At a candlelight vigil Saturday night, Sorey told the Globe that Massachusetts and New Hampshire officials had failed Harmony.
“I’m not going to lie, I’m hostile right now,” he said, as a dozen friends and family hung up posters and lit candles in honor of Harmony. “I have a lot of hostility towards many people who failed my daughter. And I’m included, I’m always going to acknowledge the fact that I played my part in this. But I never gave up on her. “
Authorities have repeatedly said that current residents of the home at 77 Gilford St. have no connection to the missing child and have cooperated with police. The home was also searched last Sunday by investigators, according to New Hampshire Deputy Attorney General Jesse O’Neill.
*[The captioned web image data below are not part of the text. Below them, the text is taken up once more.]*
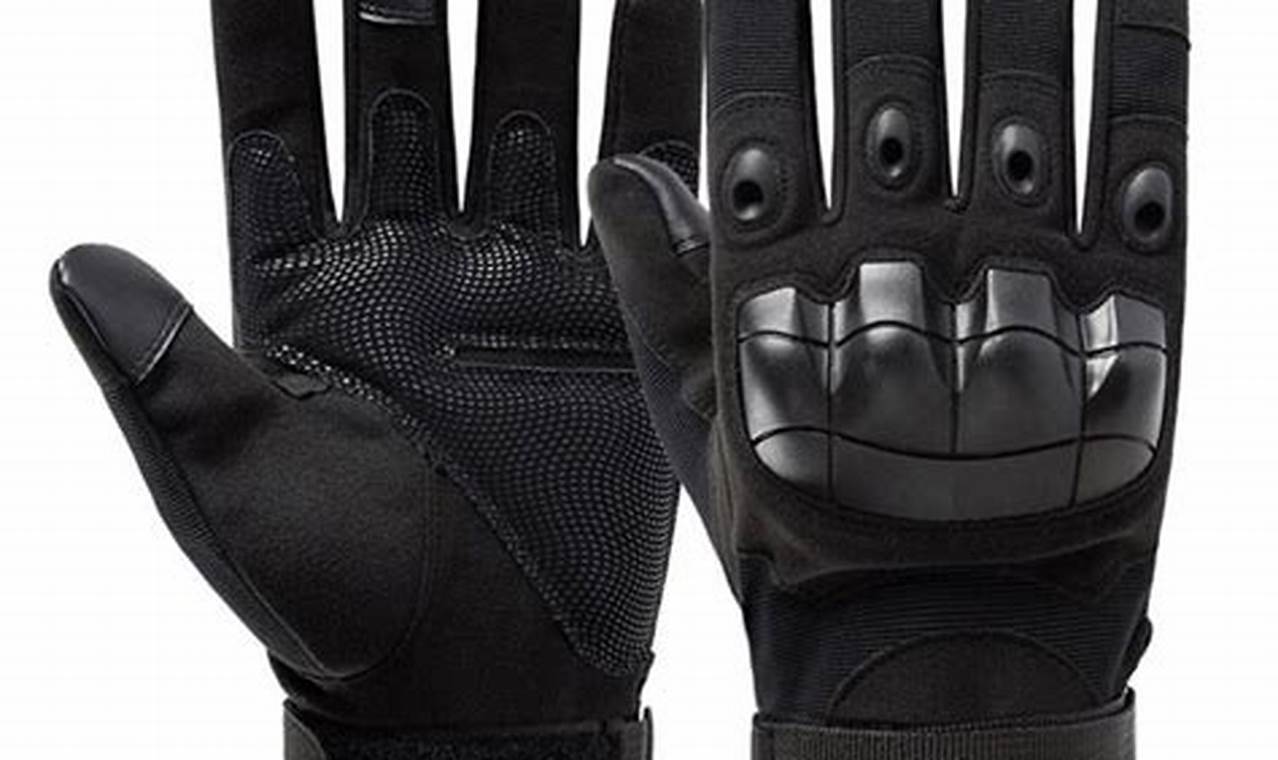 Best Airsoft Gloves: Dominate the Field! | Ultimate Airsoft Guide for Beginners, Tactics & Gear Reviews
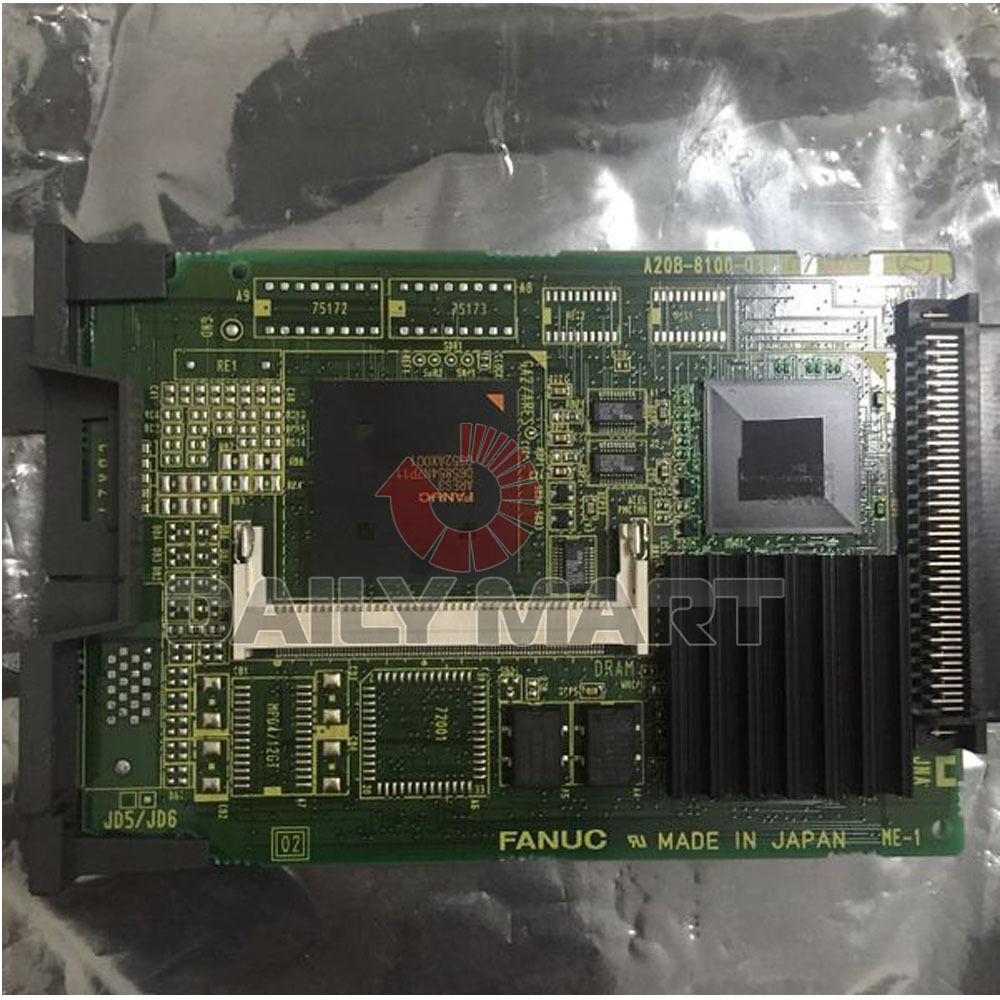 Brand New in Box Fanuc A20B-8100-0330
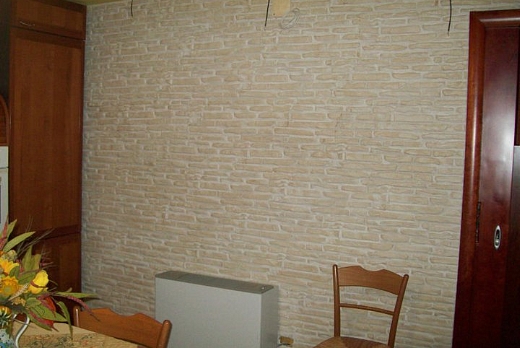 decowall-intonaco stampato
O’Neill and Manchester Police Chief Allen Aldenberg declined requests to release more information about the case on Saturday.
Sorey said police had alerted her this week that they planned to re-search the property on Gilford Street, but did not say why.
Still, he said, he believes his daughter, whose photo has appeared on televisions and newspapers in the days since authorities announced her disappearance, is alive.
“People don’t realize the connection you have with your children,” he said. “And I just know that I would feel it [if she were no longer alive]. This devastation that I could not overcome. And I don’t feel that. I feel hope. “
A $ 94,000 reward has been offered for information leading to Harmony’s whereabouts, according to a post on the Manchester Police Facebook page. Officials are requesting the public’s help in locating Harmony, and anyone with information should contact a 24-hour information line at 603-203-6060, according to the statement.
Harmony’s father, Adam M. Montgomery, 31, faces a charge of second-degree felony assault on his daughter for alleged abuse in 2019, according to authorities. Montgomery also faces two misdemeanors for endangering the welfare of a child and one count of custodial interference.
Sorey triggered the search by authorities when he contacted Manchester police on November 18 and told officers that he had not seen his daughter in a long time.
Montgomery was arrested Tuesday by Manchester police. On New Year’s Eve, he refused to tell police where the girl was and told relatives that he physically attacked their daughter in the past, according to court records. He is being held without bail.
He told investigators that the last time he saw Harmony was on Thanksgiving 2019, when Montgomery was with Sorey in Lowell, authorities said.
Montgomery is alleged to have physically abused Harmony between July 1 and July 22, 2019 and actively endangered his daughter’s well-being since November 2019, according to court records.
Montgomery was given custody of her daughter in February 2019 by the Massachusetts juvenile court, according to the Massachusetts Office of the Ombudsman for Children. The court did so despite Montgomery’s long criminal history, which includes a 2014 conviction for shooting a man in the face during a Haverhill drug deal.
Aldenberg has said that Harmony was enrolled in a Massachusetts school, but did not release further details.
On Wednesday, officials arrested Montgomery’s wife, Kayla Montgomery, 31, on felony welfare fraud for allegedly collecting $ 1,500 in food stamp benefits destined for Harmony, according to the attorney general’s office. from New Hampshire.
Kayla Montgomery had notified New Hampshire officials on June 2 of last year that Harmony had moved in with her biological mother, according to court documents.
On Saturday afternoon, police patrol cars blocked the entrances to Gilford Street, allowing access only to residents.
The house is located in a quiet neighborhood full of small, compact houses. Snow from the week’s storm still covered the ground. Not far from Gilford Street, a couple of young children were playing outside.
Police showed up at one point Saturday to use a drone, which briefly flew over the property.
By Saturday night authorities had cleared the scene, although a Manchester police patrol car remained parked outside the house.
Blair Miller, who along with her husband adopted Harmony’s brother Jamison in 2019, said Saturday that while he is happy that authorities remain engaged in the case, the news of Saturday’s search was “troubling.”
“We are trying to hold onto hope and optimism,” said Miller, who has remained in contact with Sorey since adopting her son. “But I will tell you that today feels very dark and disturbing.”
Sorey, speaking at Saturday’s vigil at Bass Island Park in Manchester, said the ordeal surrounding his missing daughter has been hell.
“It’s like every day, I hope to wake up and get that call that says ‘hey, someone took her to a fire station, they don’t even know she was missing.’ I pray for that day to come, ”he said.
“I want her to know that I am here, and that we are going to pass out flyers every day, and that we are going to pass out these posters as far as we can,” Sorey said. “She is very, very loved by all who have known her.”
Globe staff John R. Ellement and Globe correspondent Charlie McKenna contributed to this report.